Nodes do not find the initial master node

jhonsouza · July 2, 2024, 7:40pm

Hi, guys!
I'm trying to run the Elasticsearch on AWS ECS. I have a problem at the moment, the nodes try to join the cluster. When the other nodes are in the same instance that the initial master node, they can to join the cluster, but when the other nodes are in a different instance, they are got not join to the cluster. Below the elasticsearch.yml I use.

Initial master node
cluster:
  name: '${STACK_NAME}'
  initial_master_nodes: 
    - '${HOSTNAME}-es-initial-master'
  routing:
    allocation:
      awareness: 
        attributes: aws_availability_zone
node:
  name: '${HOSTNAME}-es-initial-master'
  roles: [master]
path: 
  data: /usr/share/elasticsearch/data
  logs: /usr/share/elasticsearch/logs
bootstrap:
  memory_lock: true
discovery:
  zen: 
    minimum_master_nodes: 2
  ec2:
    endpoint: ec2.us-east-2.amazonaws.com
network:
  host: 0.0.0.0
xpack:
  monitoring:
    collection:
      interval: 10s
      enabled: true
  security:
    enabled: true
cloud:
  node:
    auto_attributes: true
http:
  cors:
    enabled: true
    allow-origin: "*"
ingest:
  geoip:
    downloader:
      enabled: false

Data node
cluster:
  name: '${STACK_NAME}'
node:
  name: '${HOSTNAME}-es-data-${SUFFIX}'
  roles: ["data"]
path: 
  data: /usr/share/elasticsearch/data
  logs: /usr/share/elasticsearch/logs
bootstrap:
  memory_lock: true
discovery:
  seed_providers: ec2
  ec2:
    endpoint: ec2.us-east-2.amazonaws.com
  seed_hosts: []
s3:
  client:
    default:
      endpoint: s3.us-east-2.amazonaws.com
network:
  host: 0.0.0.0
xpack:
  monitoring:
    collection:
      interval: 10s
      enabled: true
  security:
    enabled: true
cloud:
  node:
    auto_attributes: true
http:
  cors:
    enabled: true
    allow-origin: "*"
ingest:
  geoip:
    downloader:
      enabled: false

If someone can help me, I appreciate a lot of!!
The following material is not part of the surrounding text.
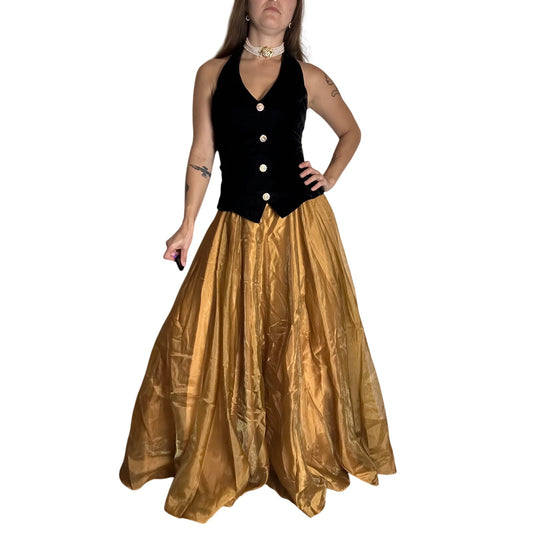 ✨ Michaelangelo Velvet & Gold Taffeta Gown – Crystal Button Waistcoat Detail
DavidTurner · July 2, 2024, 9:01pm

See these docs for guidance about how to troubleshoot discovery problems, including the things to look for in logs etc. If you need help understanding your logs, please share them here.

jhonsouza · July 3, 2024, 2:02pm

Hi David. Thanks for the docs, this will be very helpful. I found this looking at the logs. The node find the eligible master, but can't complete the connection.

DavidTurner · July 3, 2024, 2:19pm

Yep that'd do it - these docs are what you need here.

jhonsouza · July 3, 2024, 2:29pm

Thanks a lot, David! I'll read this now!

jhonsouza · July 3, 2024, 7:43pm

If I configure the network.publish_host and network.bind_host with the value: 0.0.0.0. This is not should resolve my problem?

DavidTurner · July 4, 2024, 6:33am

0.0.0.0 can be fairly trappy for network.publish_host, especially if there's some kind of proxying or NAT going on as appears to be the case in your environment. I'd recommend being more specific. The log message you shared indicates that one possible step towards a resolution would be to specify network.publish_host: 172.30.5.137 on node deccdfd16c64-es-initial-master.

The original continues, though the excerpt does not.